Joseph Drake
HOW IT WORKS
ecology animals field work
Crap you didn’t really need to know
How do you count animals that don’t want to be seen?
By their poo of course! Counting poo is one way that ecologists can record information about animal populations that are hard to find, rare, or very secretive. Different animals have unique shapes and sizes of feces (or faeces) which can aid in identification. As part of my research I had found myself hiking in a way that resembles a mix of ungraceful falling and unsuccessful breakdancing across the uneven terrain of the Scottish Highlands.

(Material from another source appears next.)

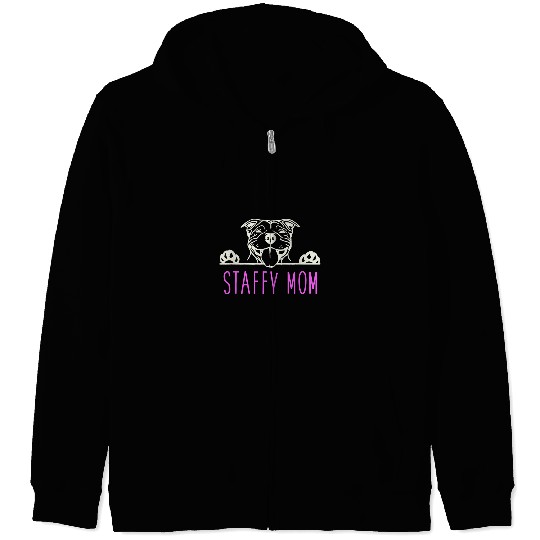 Dog Staffordshire Staffy Mom with Staffordshire Bull Terrier Dog Zip Hoodies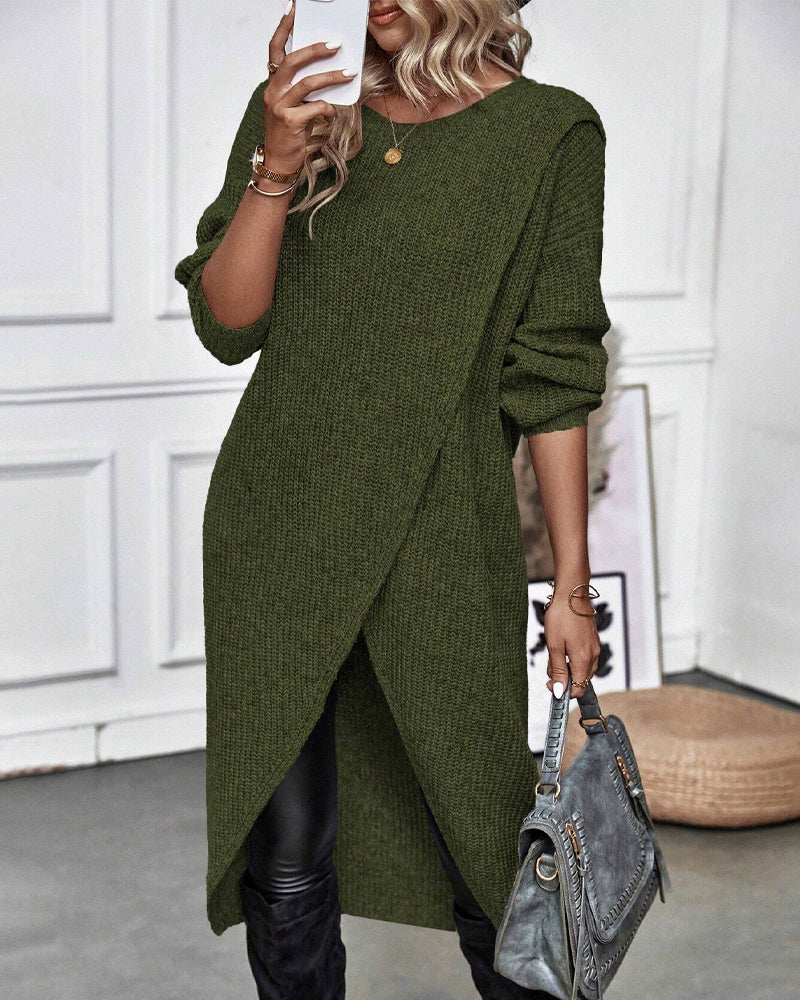 Stilvolles Einfarbiges Sweatkleid - Lina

Fig. 1 Water voles (Arvicola amphibus) are a small mammal that are threatened with habitat loss and invasive species that predate them very efficiently. Here, you see it with a painted left front foot so I could identify it again if it was recaptured later in the study. Photo by Joe Drake
Other studies have used droppings to count deer [1], tigers, and snow leopards or to locate penguins; but I was looking for a more dangerous beastie: the water vole. Arvicola amphibus is a small rodent that lives in burrows next to slow moving water and thick vegetation. It’s a bit hard to spot a water vole itself, but dung provides a good indicator of the animal’s presence since they use “fecal latrines” to mark their territory [2].
Fig. 2 Water vole feces (left) are distinct and surprisingly easier to find in the wide open expanses….
Fig. 3 ….of the Scottish Highlands than the animals themselves. Photo by Joe Drake
By recording the locations of the feces multiple times in a season and across many seasons we can begin to understand how the species occupies the landscape. We can get a sense of the number of animals in an area, the habitat use, long-term residence (occupancy in sciencey terms), and even how frequently a species may go extinct and then recolonize habitat they like to use. This would be hard to find out for cryptic species, and may be critical information for wildlife managers to help preserve rare, threatened, or endangered species.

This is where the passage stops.